浄土思想 桜による仏国土作り

藤原氏の浄土思想による仏国土づくりに、いまさらですが、とても共感するものがあります。

藤原清衡は戦いによる多くの戦死者の魂を鎮め供養し、平和で幸せな社会を仏教の教えで築く仏国土というものに晩年の生涯をかけました。

この考えが、手あわせ桜プロジェクトと共通するものがあるということに気づいたのです。

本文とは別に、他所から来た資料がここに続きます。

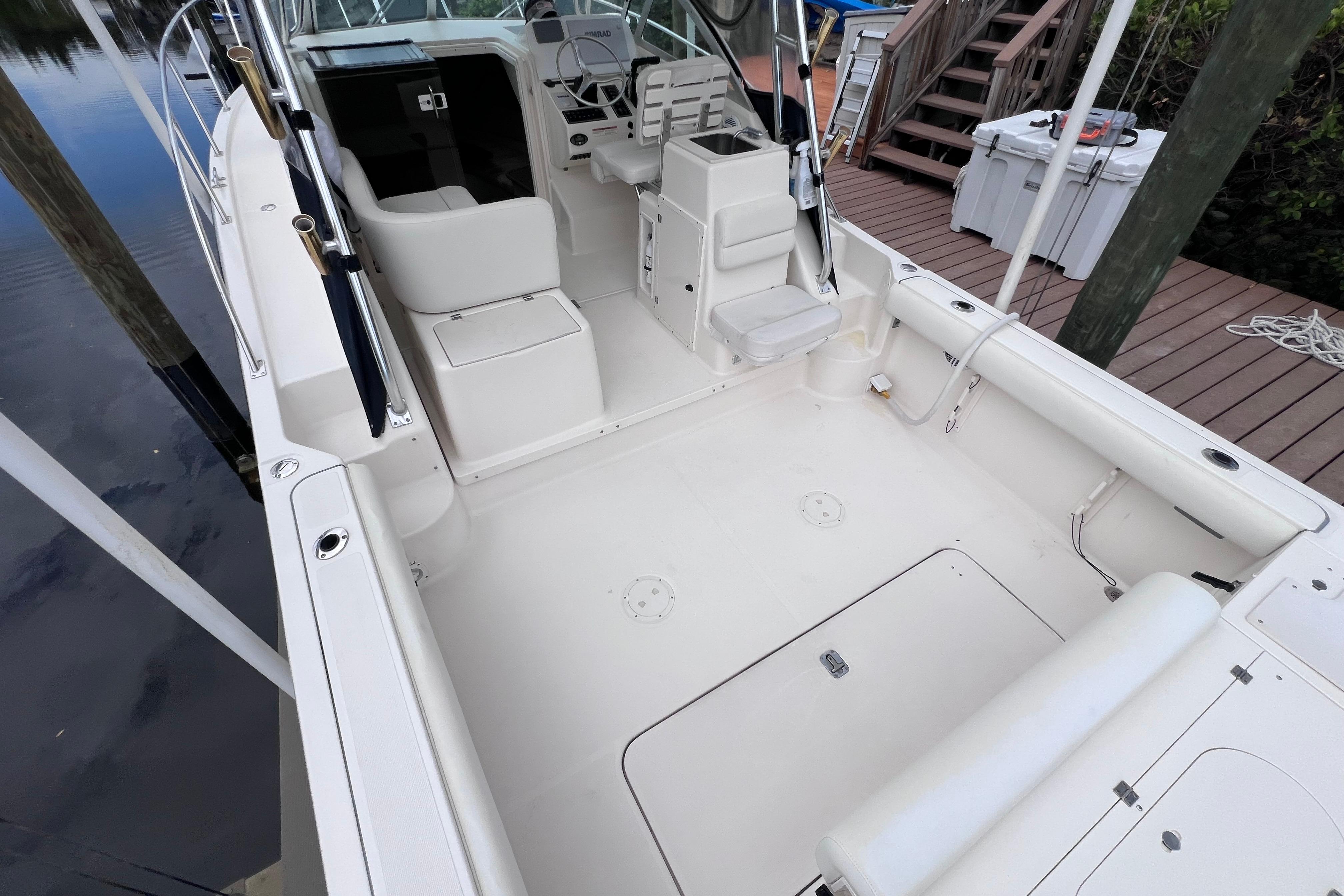 2005 Pursuit 3070 Offshore boat interior with spacious deck and seating area.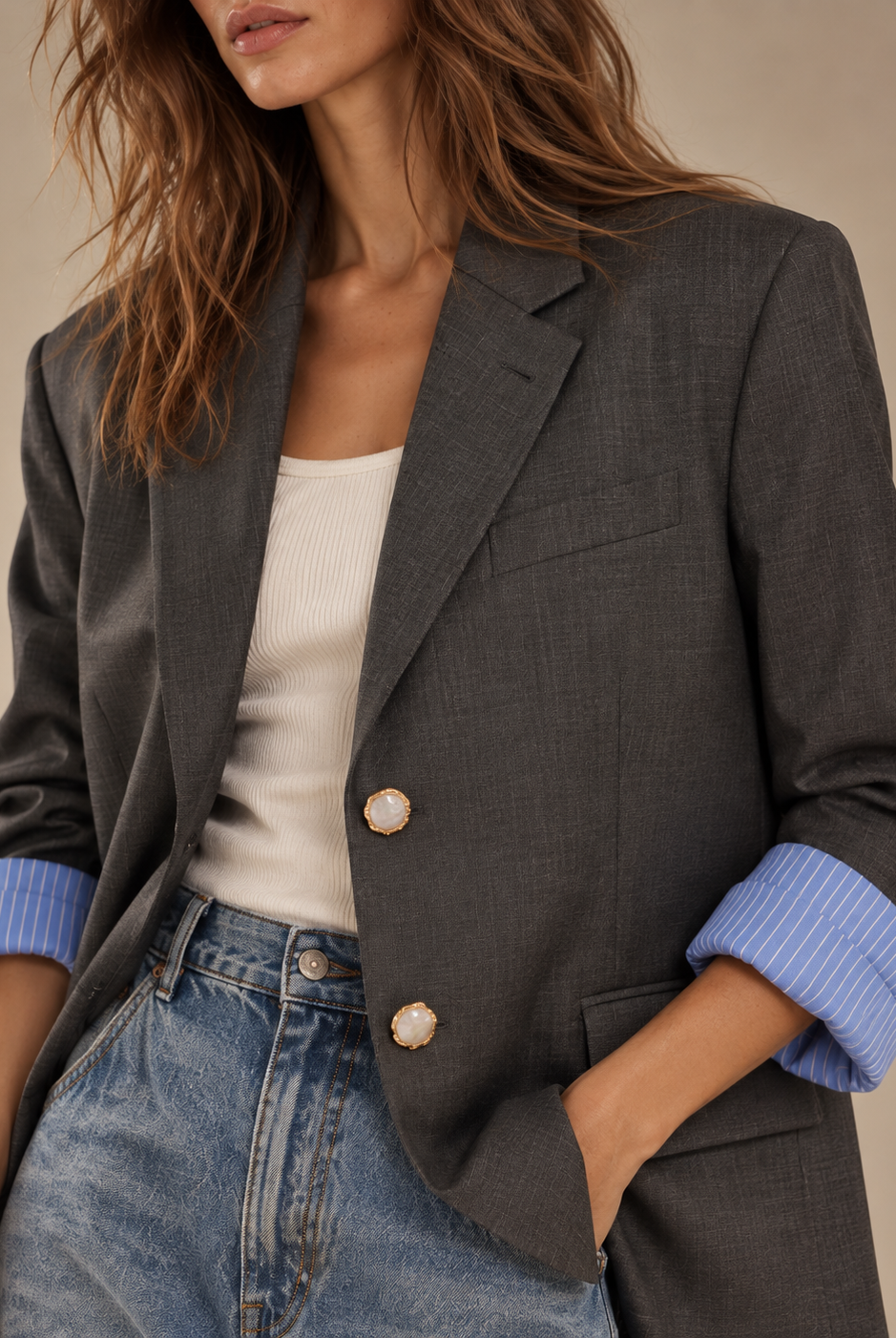 Close-up of charcoal blazer with gold pearlescent buttons and blue striped rolled cuffs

桜は無常観を表し、清浄で仏を象徴する花です。この花を、震災の犠牲者の鎮魂の為、そして皆で手を合わせ協力し、希望に向かって祈るという意味で始まったのが、手あわせ桜プロジェクトです。

清衡は多くの寺院を建て、僧侶を招き、戦火で疲弊した民衆の心を、浄土思想によって牽引したのです。

つまり、死んで後に浄土へ召されるのでなく、生きている今が浄土であるという教えが大衆に受け入れられたのでしょう。

手あわせ桜も、生きている人が希望を持ち、一歩を踏み出すきっかけになって欲しいという想いが込められています。

そして、故郷のシンボルとなり、地域の再生となり、生きる人の心のよりどころにはなりえないか・・と考えるのです。

清衡のように寺社を建立するような財力も、高潔な思想も持ち合わせないけれど、寺の代わりに一本の桜を植えて仏の地域づくりに役立つことができないかと、清衡と無理な共通点を探っています。